**What you are asked to do**
Restate word for word the lines beginning with the one that contains "Superdry Studios Linen" and ending at the bottom of the records below, both included.
BEGIN Input material
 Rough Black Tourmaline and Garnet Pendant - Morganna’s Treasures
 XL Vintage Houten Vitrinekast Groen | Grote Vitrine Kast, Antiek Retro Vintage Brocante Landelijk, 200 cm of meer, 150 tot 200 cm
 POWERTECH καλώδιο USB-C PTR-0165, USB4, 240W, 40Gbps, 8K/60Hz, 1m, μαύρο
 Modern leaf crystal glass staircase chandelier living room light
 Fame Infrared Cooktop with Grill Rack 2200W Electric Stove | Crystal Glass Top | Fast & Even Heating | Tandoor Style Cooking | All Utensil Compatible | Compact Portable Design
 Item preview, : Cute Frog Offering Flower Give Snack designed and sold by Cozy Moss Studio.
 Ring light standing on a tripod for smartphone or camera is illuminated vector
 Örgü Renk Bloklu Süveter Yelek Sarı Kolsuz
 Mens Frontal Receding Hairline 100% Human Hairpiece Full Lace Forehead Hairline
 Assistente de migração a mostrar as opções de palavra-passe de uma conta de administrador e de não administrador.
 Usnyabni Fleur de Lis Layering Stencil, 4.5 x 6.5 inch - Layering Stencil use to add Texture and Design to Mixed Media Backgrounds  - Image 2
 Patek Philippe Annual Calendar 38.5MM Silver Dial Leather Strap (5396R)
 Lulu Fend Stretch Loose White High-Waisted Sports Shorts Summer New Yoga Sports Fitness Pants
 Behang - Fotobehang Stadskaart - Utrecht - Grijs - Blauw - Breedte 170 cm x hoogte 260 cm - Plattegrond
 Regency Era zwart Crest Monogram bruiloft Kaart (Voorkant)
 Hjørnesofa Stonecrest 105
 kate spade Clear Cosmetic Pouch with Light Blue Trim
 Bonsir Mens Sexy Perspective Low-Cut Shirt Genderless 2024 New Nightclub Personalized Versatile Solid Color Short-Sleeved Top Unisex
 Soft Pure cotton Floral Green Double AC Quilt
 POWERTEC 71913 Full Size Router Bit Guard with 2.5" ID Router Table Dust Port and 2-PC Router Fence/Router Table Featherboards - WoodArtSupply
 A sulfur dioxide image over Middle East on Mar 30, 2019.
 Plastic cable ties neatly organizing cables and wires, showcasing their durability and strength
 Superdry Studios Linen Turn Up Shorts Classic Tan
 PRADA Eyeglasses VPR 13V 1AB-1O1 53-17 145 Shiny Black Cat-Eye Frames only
END Input material
**Answer space**
 Superdry Studios Linen Turn Up Shorts Classic Tan
 PRADA Eyeglasses VPR 13V 1AB-1O1 53-17 145 Shiny Black Cat-Eye Frames only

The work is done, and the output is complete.